-- Dataset extract follows --

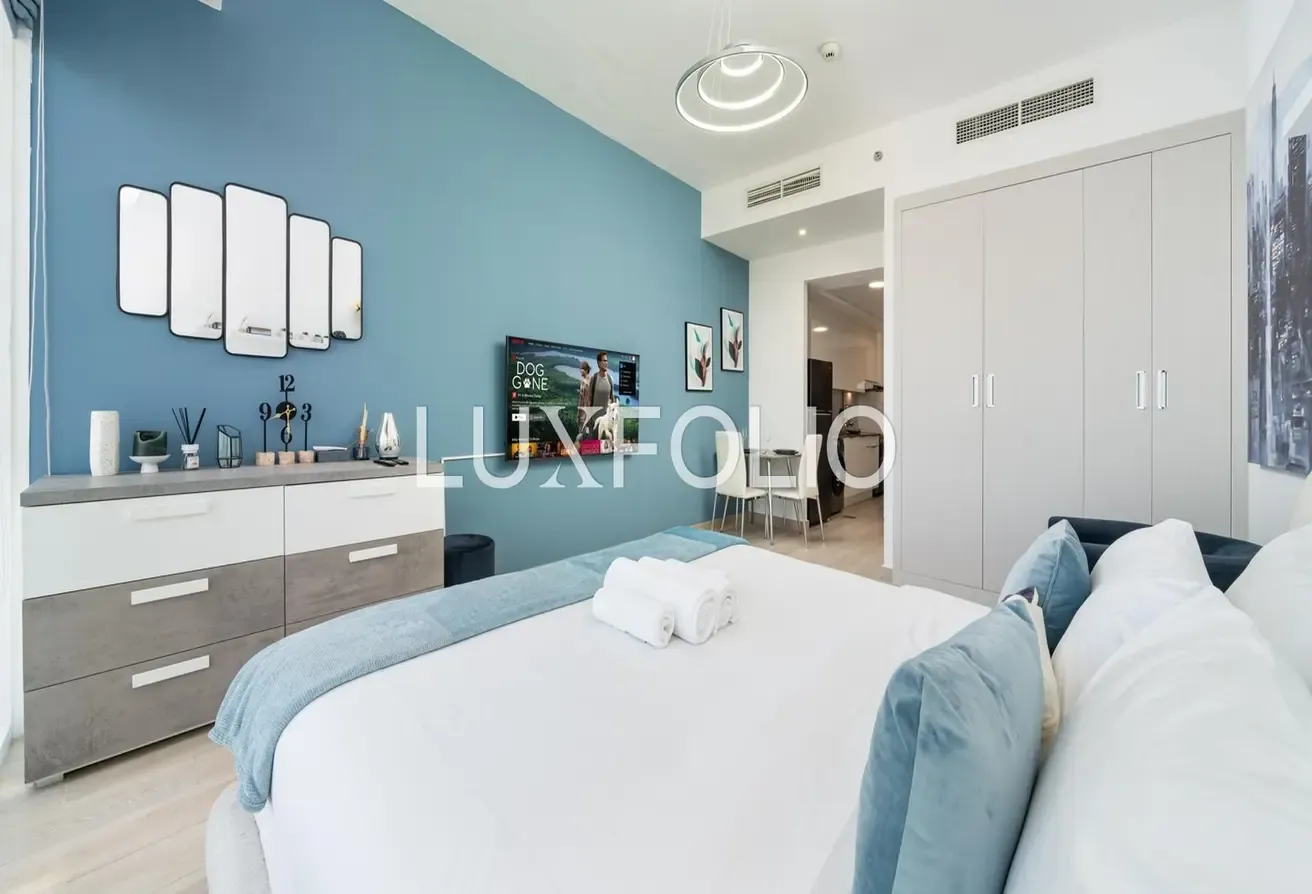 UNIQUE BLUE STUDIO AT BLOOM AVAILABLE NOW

-- Dataset extract concluded --
-- Dataset extract follows --

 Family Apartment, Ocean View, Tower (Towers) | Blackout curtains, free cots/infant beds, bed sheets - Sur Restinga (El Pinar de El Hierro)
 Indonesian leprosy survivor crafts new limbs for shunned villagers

-- Dataset extract concluded --
-- Dataset extract follows --

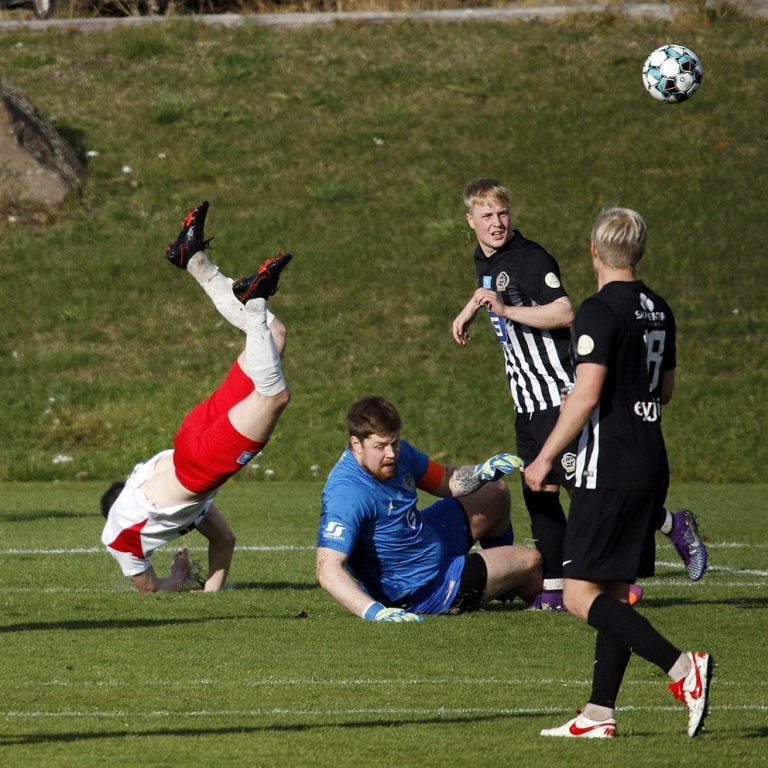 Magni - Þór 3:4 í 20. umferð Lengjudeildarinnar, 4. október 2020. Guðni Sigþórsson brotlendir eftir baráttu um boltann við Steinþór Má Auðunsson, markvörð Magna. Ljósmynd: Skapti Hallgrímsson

-- Dataset extract concluded --

Only one stretch of the data above is needed. Restate it word for word, from the line containing "Family Apartment, Ocean" through the line containing "Indonesian leprosy survivor", both ends included.

# Task answer
 Family Apartment, Ocean View, Tower (Towers) | Blackout curtains, free cots/infant beds, bed sheets - Sur Restinga (El Pinar de El Hierro)
 Indonesian leprosy survivor crafts new limbs for shunned villagers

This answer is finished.